1. Dissolving a Corporation
2. Types of Corporate Dissolution
3. Paying Debt Before Corporate Dissolution
4. Bankruptcy Claim
5. Voluntarily Dissolving a Company
6. Intent to Dissolve

Dissolving a Corporation

Dissolution of a corporation occurs after a company either voluntarily or is ordered to dissolve the company. During the process, any assets are liquidated to pay off debts. Once a business has closed its doors, the process of dissolution begins. This process can be lengthy and complex, but every step is important.

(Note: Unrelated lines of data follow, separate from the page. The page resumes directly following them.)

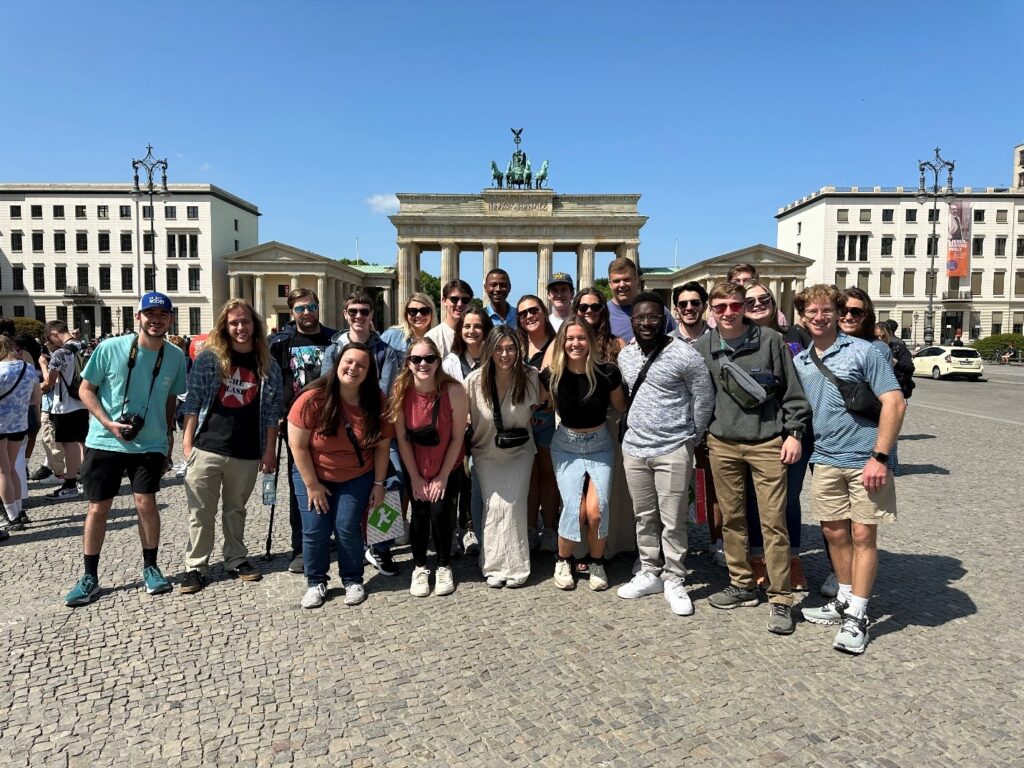 Group photo of 23 students in Europe, maymester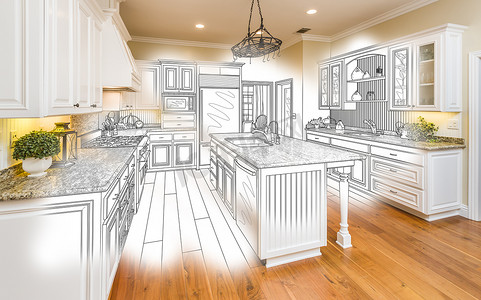 定制厨房设计图和拉丝照片组合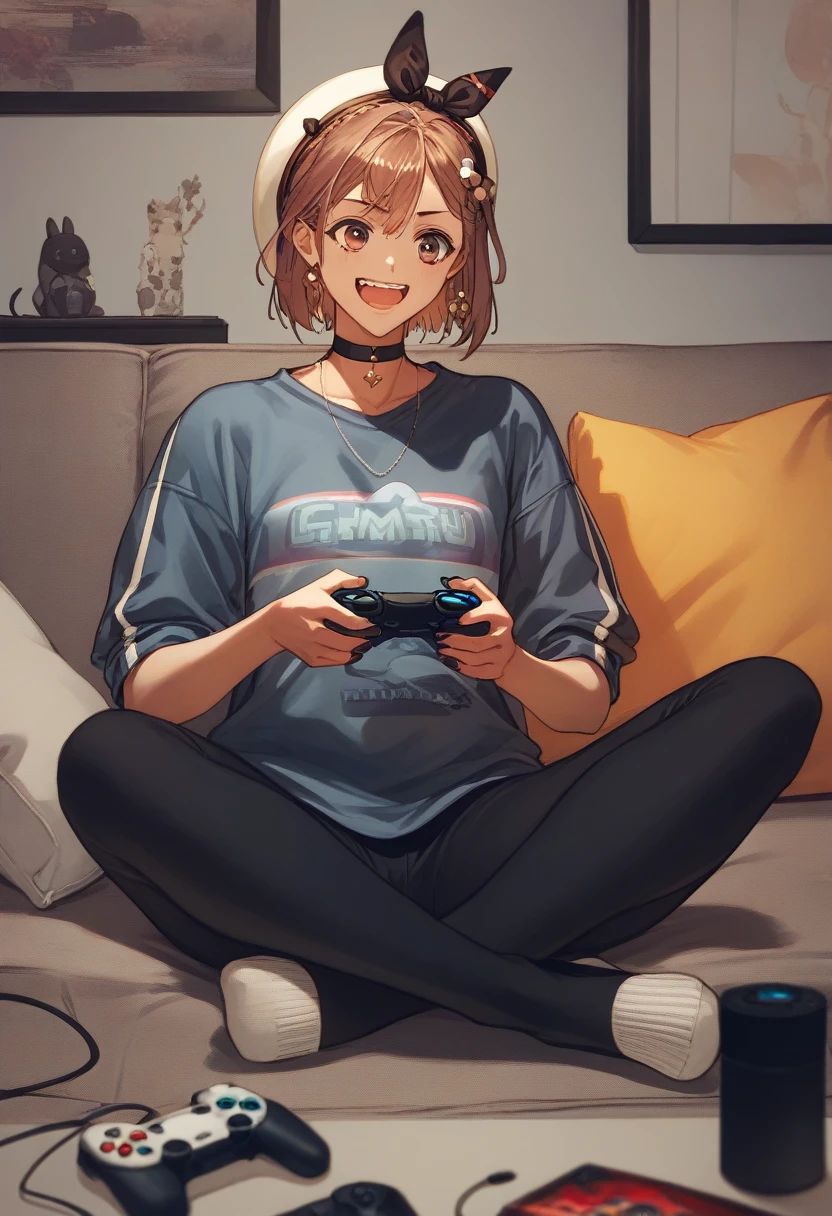 score_9, score_8_up, score_7_up, score_6_up, score_5_up, score_4_up
reisalin stout, choker, beret, streetwear, techwear, fashion,
playing games, playstation controller, excited, sitting, couch, living room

Types of Corporate Dissolution

Dissolution falls into one of two categories:

  • Voluntary: A voluntary dissolution occurs when a unanimous vote is conducted and the members all agree to dissolve the business. It is possible to dissolve a corporation with a majority vote as long as specific notices are given. This process is most commonly used when a business has been inactive for a long period of time. However, larger, active corporations may also be eligible for majority vote dissolution.
  • Involuntary: There are some situations in which the state might require a company to dissolve, including failure to pay taxes, fraud, abusing authority, failure to register an agent, or failure to notify the state of any major registered agent changes. It is important to note that some states have their own requirements that could lead to an involuntary dissolution if they are not followed.

Paying Debt Before Corporate Dissolution

In most cases, corporations are required to pay off any debts before dissolution. The corporation is required to submit a notice to all vendors of its intent to dissolve. The intent to dissolve should include a deadline that is at least 120 days after the notice. Any unpaid vendors must then submit any unpaid invoices within this time period. Failing to file within this time period will void the claim.

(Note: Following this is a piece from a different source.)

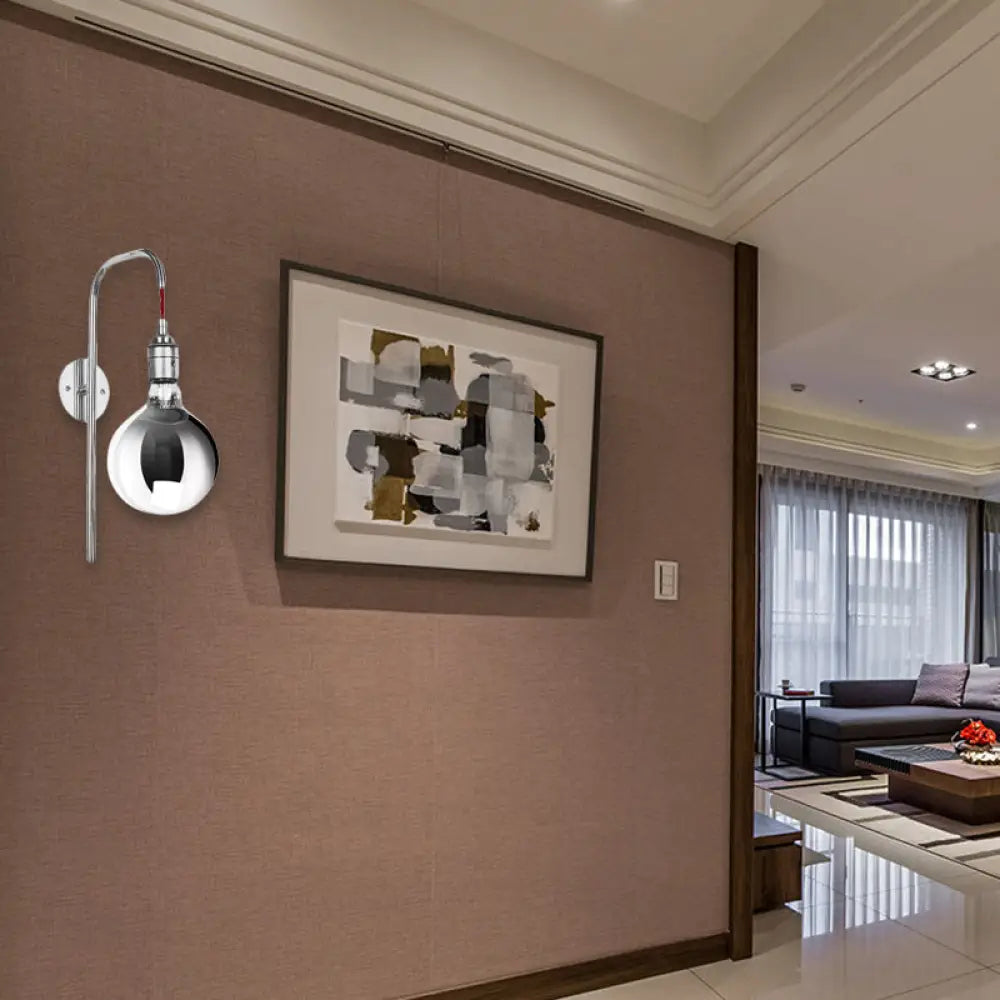 DecorBites™ DecorBites™ Modern Chrome/Gold Sconce Light with Clear Glass Globe Fixture for Living Room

Corporations can have an intent to dissolve published in the newspaper of record in the county in which the corporation is registered. In this case, unpaid vendors have up to five years to bring a claim against the company. If no funds remain after the liquidation, then any assets distributed to the directors will be paid to these claims.

Bankruptcy Claim

Filing for bankruptcy instead of dissolution offers some financial relief for the company. The company will instead follow either Chapter 7 or Chapter 13 requirements. However, a company is not dissolved after filing for bankruptcy. The bankruptcy must also be approved by the state.

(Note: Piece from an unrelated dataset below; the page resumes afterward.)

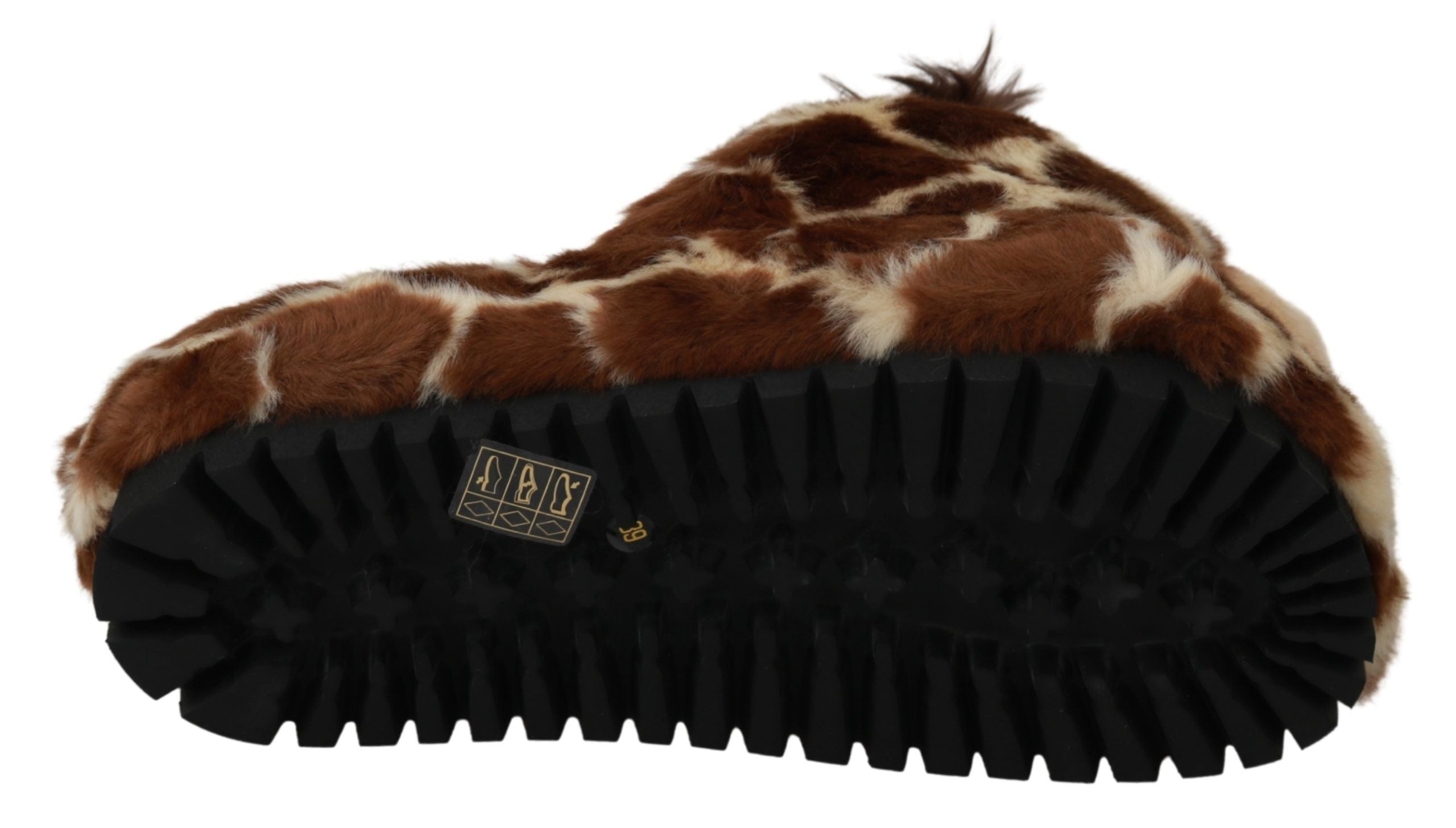 Dolce &amp; Gabbana Brown Giraffe Slippers Flat Sandals Shoes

Voluntarily Dissolving a Company

The shareholders of the company will vote for a voluntary dissolution. If enough votes support the dissolution, then the intent to dissolve is filed with the state. After the document has been filed with the state, the company begins the process of winding down.

This process includes liquidating assets and paying off debts. If there is any money left over after this process, it is divided among the board members and directors.

Upon the completion of the winding-down process, the company will submit the articles of dissolution to the secretary of state. The articles of dissolution should include the following information:

  • Agreement that all debts have been paid.
  • Documentation that all company property and assets were distributed to the appropriate parties.
  • There are no remaining legal actions against the company.

After submitting the articles of dissolution, the company is officially dissolved and no longer exists.

Intent to Dissolve

One of the first, and most important steps when dissolving a company is to fulfill obligations. Companies that want to dissolve should release an intent to dissolve. This intent to dissolve should include the following information:

  • A detailed description of the claim.
  • Information regarding the claim, the amount of the claim, and whether it is admitted to or not.
  • A mailing address where any claims can be sent.
  • A deadline: This must be at least 120 days after the written notice date.

Having an intent to dissolve published in a newspaper can also help to ensure that all potential claimants are available to view the intent. Although giving notice is optional, it protects the company from claimants coming forward later on. It can also prevent mistakes, such as distributing too much to directors and then requiring them to pay later on.